• _DIRECTIONS_
Return the following from the records below: each line, word for word, starting with the line that contains "Circuit d'il·lusions infantil" and going on through the line that contains "Layout of real", with nothing outside that range.

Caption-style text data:
━━━━━━━━━━━━━━━━━━━━━━━━━━━━━━

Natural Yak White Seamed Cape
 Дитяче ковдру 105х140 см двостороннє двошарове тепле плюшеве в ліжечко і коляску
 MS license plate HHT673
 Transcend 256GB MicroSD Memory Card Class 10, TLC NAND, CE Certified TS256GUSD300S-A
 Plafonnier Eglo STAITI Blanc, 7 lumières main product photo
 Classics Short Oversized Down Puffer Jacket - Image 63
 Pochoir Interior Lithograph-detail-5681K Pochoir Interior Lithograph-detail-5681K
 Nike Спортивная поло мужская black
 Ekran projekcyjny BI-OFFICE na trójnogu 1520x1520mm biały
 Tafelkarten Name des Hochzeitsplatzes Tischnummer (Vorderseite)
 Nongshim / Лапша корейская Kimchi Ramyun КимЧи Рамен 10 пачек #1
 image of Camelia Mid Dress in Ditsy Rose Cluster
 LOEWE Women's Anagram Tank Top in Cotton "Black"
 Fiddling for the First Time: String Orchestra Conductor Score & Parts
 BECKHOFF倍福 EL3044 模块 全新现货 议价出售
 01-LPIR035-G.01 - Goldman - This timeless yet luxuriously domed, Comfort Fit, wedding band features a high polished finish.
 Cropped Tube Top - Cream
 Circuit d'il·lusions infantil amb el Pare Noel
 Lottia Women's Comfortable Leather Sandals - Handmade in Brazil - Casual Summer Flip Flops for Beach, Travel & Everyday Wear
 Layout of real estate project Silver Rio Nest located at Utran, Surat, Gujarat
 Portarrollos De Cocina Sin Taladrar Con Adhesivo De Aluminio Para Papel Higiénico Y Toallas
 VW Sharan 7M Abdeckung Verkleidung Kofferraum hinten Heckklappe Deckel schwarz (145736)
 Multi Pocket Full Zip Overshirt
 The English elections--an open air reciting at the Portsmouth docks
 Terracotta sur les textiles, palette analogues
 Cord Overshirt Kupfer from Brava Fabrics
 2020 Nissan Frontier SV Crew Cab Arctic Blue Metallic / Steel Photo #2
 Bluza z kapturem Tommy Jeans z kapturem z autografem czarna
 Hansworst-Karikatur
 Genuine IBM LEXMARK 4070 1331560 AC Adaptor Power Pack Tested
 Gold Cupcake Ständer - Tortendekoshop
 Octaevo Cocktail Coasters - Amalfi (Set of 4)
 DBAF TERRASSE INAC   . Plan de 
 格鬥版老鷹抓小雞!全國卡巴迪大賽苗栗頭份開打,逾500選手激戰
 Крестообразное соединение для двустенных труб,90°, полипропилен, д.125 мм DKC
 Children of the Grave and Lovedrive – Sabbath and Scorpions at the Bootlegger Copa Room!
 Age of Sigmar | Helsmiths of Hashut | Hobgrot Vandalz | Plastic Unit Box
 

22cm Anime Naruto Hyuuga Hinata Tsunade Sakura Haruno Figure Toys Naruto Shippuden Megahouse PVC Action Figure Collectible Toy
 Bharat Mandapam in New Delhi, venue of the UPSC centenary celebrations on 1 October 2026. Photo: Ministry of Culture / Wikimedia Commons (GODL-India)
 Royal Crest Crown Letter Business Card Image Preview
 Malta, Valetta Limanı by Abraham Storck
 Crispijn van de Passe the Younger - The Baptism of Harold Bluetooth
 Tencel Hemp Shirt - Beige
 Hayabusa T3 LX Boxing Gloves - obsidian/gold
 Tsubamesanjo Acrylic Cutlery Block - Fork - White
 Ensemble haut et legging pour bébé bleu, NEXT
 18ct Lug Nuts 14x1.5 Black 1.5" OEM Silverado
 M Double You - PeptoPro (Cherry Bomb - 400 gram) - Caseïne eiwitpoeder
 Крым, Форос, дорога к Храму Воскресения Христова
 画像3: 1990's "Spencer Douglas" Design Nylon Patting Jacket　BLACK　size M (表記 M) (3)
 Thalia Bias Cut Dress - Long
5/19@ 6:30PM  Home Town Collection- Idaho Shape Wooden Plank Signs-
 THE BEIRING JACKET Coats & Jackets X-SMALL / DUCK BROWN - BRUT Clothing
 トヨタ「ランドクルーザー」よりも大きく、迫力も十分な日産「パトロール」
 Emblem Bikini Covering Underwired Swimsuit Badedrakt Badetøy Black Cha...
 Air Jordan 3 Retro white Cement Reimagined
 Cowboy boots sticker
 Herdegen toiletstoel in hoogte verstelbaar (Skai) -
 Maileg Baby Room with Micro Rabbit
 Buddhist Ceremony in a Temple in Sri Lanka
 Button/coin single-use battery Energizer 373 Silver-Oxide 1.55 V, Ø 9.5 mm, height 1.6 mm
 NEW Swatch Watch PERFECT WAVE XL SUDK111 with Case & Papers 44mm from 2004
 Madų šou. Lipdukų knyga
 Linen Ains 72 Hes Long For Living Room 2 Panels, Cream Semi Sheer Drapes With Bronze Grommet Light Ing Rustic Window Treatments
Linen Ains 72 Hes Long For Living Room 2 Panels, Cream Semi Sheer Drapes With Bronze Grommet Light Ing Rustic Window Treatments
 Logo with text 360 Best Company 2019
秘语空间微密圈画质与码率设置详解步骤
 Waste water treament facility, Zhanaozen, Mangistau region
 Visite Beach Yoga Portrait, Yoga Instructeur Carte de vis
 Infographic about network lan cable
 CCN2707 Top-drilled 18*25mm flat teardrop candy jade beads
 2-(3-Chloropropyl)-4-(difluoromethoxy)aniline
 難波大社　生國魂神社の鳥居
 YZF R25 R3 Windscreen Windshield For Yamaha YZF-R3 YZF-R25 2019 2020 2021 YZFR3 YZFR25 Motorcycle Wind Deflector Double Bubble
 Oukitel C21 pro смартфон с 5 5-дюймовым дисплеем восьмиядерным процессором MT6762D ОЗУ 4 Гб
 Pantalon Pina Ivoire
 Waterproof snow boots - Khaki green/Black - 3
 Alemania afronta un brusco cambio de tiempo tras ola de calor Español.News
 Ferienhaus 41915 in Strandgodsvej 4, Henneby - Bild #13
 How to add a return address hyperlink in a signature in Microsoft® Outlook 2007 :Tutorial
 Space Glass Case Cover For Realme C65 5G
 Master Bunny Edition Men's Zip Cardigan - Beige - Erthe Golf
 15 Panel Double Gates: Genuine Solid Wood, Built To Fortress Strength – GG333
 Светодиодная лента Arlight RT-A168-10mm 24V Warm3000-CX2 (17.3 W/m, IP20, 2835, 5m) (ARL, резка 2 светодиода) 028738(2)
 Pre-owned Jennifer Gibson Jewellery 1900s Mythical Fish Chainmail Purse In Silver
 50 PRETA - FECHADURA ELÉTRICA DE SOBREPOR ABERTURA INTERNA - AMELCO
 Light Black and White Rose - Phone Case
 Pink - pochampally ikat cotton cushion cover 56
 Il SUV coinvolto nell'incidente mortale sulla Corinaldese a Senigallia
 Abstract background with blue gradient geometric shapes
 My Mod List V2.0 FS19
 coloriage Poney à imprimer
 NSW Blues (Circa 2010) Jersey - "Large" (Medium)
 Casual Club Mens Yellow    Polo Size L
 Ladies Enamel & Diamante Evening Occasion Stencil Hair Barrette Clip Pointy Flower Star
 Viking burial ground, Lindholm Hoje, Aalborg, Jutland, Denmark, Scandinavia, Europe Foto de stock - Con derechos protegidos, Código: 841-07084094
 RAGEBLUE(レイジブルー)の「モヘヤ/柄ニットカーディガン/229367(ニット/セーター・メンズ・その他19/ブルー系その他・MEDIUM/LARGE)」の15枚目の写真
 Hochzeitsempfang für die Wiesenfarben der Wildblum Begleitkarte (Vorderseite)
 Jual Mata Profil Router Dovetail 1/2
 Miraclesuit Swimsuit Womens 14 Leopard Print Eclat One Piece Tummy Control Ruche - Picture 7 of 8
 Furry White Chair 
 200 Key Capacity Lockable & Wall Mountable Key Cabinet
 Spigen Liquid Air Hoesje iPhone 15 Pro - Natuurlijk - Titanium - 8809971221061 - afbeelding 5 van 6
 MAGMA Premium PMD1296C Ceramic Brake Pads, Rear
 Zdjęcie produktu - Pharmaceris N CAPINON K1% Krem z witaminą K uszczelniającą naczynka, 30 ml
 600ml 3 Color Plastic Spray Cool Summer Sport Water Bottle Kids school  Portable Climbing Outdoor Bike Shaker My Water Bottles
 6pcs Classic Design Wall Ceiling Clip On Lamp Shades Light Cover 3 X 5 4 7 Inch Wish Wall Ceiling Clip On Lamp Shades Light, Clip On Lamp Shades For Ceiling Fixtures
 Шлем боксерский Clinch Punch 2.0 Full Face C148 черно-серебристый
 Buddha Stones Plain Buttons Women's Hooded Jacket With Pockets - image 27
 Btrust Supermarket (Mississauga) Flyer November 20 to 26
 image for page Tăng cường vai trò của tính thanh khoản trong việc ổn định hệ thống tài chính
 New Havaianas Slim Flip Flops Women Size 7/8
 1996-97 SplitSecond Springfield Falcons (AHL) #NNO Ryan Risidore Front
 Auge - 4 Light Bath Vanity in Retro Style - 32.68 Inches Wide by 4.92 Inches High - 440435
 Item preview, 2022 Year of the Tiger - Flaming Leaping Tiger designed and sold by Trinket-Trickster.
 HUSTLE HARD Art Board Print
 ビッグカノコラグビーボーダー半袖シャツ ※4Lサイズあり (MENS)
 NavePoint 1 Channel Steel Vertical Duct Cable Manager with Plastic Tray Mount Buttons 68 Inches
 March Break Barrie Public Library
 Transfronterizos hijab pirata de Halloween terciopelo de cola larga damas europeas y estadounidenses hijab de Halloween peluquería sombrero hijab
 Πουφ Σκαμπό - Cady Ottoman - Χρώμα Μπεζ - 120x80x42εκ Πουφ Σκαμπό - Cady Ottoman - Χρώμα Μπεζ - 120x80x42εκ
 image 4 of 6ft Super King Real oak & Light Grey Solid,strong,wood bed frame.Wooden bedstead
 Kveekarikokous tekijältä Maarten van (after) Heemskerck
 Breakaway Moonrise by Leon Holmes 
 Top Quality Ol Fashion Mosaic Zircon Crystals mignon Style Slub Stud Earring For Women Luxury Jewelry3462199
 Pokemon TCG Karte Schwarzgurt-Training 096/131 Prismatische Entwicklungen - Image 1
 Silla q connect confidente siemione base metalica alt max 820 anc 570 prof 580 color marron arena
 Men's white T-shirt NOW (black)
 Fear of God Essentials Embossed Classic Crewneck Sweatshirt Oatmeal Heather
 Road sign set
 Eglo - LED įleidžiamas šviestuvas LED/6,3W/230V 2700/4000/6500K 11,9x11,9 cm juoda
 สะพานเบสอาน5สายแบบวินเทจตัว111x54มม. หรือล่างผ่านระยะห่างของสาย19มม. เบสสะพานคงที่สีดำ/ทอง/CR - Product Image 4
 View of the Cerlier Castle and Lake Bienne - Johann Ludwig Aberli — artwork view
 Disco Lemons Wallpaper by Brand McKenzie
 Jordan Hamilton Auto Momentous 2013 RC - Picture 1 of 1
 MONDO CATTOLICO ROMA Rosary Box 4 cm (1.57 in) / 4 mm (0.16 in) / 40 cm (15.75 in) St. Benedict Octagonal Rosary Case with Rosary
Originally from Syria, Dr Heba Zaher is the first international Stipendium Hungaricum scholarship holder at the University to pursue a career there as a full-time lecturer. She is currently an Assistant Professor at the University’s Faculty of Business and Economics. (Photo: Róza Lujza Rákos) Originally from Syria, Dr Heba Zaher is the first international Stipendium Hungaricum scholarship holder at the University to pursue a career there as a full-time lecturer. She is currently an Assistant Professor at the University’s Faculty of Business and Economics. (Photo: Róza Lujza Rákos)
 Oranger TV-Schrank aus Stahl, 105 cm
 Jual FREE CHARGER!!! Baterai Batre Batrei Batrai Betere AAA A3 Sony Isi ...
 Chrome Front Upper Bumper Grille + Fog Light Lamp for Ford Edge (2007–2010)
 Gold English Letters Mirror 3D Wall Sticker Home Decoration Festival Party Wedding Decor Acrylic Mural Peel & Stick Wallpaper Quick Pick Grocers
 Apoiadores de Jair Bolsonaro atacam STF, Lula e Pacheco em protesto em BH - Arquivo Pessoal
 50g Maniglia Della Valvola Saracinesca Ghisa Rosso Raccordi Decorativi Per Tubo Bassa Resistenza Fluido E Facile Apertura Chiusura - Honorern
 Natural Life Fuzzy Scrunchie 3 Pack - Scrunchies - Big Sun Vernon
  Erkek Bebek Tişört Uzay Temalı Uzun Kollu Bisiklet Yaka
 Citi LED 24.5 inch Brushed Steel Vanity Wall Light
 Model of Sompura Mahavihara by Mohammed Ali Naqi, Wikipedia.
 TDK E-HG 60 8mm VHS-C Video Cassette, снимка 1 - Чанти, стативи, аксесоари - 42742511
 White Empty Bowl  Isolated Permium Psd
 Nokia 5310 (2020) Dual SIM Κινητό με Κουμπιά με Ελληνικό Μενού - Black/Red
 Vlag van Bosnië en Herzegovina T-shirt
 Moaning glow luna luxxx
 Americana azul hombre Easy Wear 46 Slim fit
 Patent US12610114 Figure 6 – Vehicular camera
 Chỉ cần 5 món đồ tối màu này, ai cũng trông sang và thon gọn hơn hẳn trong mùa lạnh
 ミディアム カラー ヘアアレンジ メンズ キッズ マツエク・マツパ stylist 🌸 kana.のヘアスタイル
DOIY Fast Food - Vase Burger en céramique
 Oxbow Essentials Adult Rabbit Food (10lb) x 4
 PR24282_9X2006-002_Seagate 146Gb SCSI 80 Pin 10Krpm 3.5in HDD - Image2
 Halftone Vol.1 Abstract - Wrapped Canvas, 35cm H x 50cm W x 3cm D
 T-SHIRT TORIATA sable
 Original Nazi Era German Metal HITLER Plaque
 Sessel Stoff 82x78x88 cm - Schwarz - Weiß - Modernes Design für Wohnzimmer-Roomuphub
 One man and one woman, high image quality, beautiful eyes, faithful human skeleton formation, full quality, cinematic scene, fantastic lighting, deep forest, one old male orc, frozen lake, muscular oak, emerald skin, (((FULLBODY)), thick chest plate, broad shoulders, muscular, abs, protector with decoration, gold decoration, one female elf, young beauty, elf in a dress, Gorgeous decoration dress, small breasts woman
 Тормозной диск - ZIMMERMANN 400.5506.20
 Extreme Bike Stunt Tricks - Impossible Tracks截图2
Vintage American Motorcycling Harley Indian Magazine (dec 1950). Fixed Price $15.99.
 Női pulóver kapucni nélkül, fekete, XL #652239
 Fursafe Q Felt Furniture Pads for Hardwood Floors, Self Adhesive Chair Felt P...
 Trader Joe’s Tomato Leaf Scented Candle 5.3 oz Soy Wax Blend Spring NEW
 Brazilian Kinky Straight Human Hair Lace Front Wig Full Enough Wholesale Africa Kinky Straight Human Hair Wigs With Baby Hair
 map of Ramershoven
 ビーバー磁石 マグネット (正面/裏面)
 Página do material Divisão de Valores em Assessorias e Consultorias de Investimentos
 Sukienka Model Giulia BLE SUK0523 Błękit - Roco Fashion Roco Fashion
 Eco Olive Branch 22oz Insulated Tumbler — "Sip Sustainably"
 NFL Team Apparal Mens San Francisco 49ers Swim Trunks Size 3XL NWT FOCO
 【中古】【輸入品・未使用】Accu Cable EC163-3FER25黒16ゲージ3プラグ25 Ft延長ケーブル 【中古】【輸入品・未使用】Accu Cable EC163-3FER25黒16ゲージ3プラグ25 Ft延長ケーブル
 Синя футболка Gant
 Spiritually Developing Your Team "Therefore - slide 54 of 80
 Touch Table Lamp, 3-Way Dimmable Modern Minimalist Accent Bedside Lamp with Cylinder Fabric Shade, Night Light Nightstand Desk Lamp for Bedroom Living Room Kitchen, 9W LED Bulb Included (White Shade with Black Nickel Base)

━━━━━━━━━━━━━━━━━━━━━━━━━━━━━━

• _PROBLEM SOLUTION_
 Circuit d'il·lusions infantil amb el Pare Noel
 Lottia Women's Comfortable Leather Sandals - Handmade in Brazil - Casual Summer Flip Flops for Beach, Travel & Everyday Wear
 Layout of real estate project Silver Rio Nest located at Utran, Surat, Gujarat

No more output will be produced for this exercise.